À ce stade, ils ne proclament pas leur supériorité culturelle et dissimulent l’origine de l’influence et de la manne financière. Ils se présentent modestement comme garants de la liberté de ces cercles « internationaux, libres, démocratiques ». L’influence par le réseau est une réussite.

Simulacres et exécration plutôt que séduction et admiration

Mais quelle culture opposer au grand’art prisé par les communistes, les nazis, les Européens attachés à leur art et leur identité ? Les Américains vont répliquer avec des stratégies complexes, correspondant à cette réalité paradoxale. Car il faut tout à la fois combattre la supériorité culturelle européenne et les deux modèles communistes : le réalisme socialiste de Moscou et la table rase de l’art des courants gauchistes en Europe et aux États-Unis.

L’influence américaine travaille sur plusieurs fronts en traitant des publics différents. Ainsi, le divertissement et le spectacle populaire s’adressent au grand public. C’est un art de séduction qui remporte adhésion et succès.

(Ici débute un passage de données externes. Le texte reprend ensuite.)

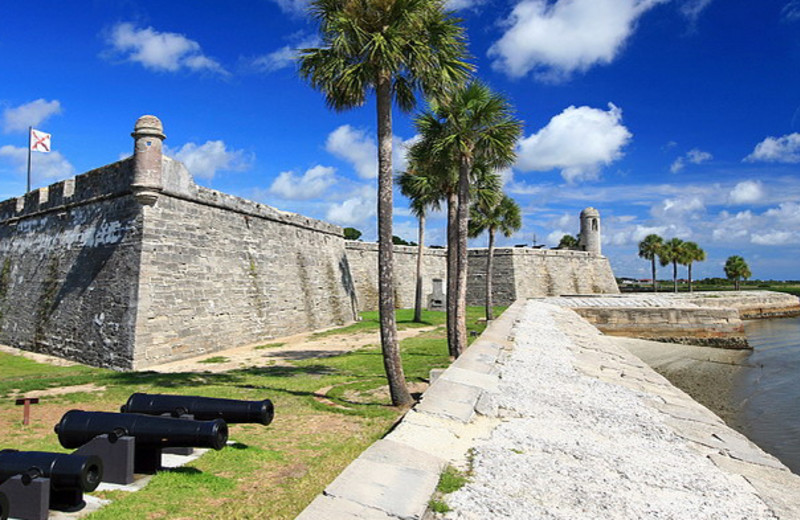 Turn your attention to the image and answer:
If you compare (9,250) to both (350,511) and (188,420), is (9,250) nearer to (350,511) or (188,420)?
(188,420)

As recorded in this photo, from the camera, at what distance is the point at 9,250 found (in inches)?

Mais le cœur de cible est la conquête du monde de l’art et des intellectuels. Leur stratégie ne joue pas sur l’admiration, la séduction, mais sur la confusion, l’intimidation et l’effroi. Ils appliquent, entre autres, les méthodes de manipulation étudiées et expérimentées pendant la guerre : la psycho-sociologie, nouvelle science. Il s’agit de jouer, à l’insu de la personne, sur les ressorts de l’inconscient, utilisant la peur, la récompense, fabriquant ainsi son consentement et son opinion. Le manipulé garde un ressenti de démocratie.

L’Amérique doit devenir la seule référence pour gagner cette guerre culturelle, même pour les arts. Elle se donne pour objectif d’imposer une seule avant-garde, la sienne. En 1947, dans le domaine de la création musicale, ce sera la musique dodécaphonique et pour les arts plastiques, l’expressionnisme abstrait.

Pour la création musicale, ce fut un succès, mais pas pour les arts plastiques L’effervescence de la création, la diversité des expressions à Paris où tous les courants, y compris abstraits, se côtoient, ainsi que des artistes venus du monde entier. En 1960, il est clair qu’il faut trouver d’autres stratégies, car Paris reste la capitale des arts.

Comment destituer Paris et Moscou à la fois ?

Il a fallu attendre 1960 pour désigner, de façon non perceptible, le conceptualisme comme unique avant-garde. Ce courant en musique comme en peinture crée une rupture radicale avec tout ce qui avantage l’Europe de l’Ouest, c’est-à-dire avoir en même temps le meilleur du grand’art et la présence de toutes les avant-gardes. Le conceptualisme est en effet un art sans passé, sans savoir-faire, sans public. Il peut être consacré en réseau de façon occulte et coté arbitrairement. Les causes de son succès échappent à la vue et donc au goût et à la raison. Ce choix stratégique a un autre avantage : c’est un leurre idéologique. Le dogme duchampien peut être récupéré par les doxas du gauchisme. Or le deuxième objectif consiste à attirer de préférence les artistes et les intellectuels gauchistes pour diviser les communistes.

Le conformisme artistique des milieux intellectuels et du pouvoir est bien installé en Europe dès la fin des années 1970, mais il faudra attendre encore deux décennies pour que les milieux fortunés s’intéressent à cet investissement financier et se laissent séduire par son discours. Le mot avant-garde disparaît à ce moment-là, remplacé par celui d’art contemporain, sous-entendu conceptuel, dont la définition est l’exact contraire de la définition originelle de l’art. L’art classique ou moderne est alors devenu instantanément obsolète.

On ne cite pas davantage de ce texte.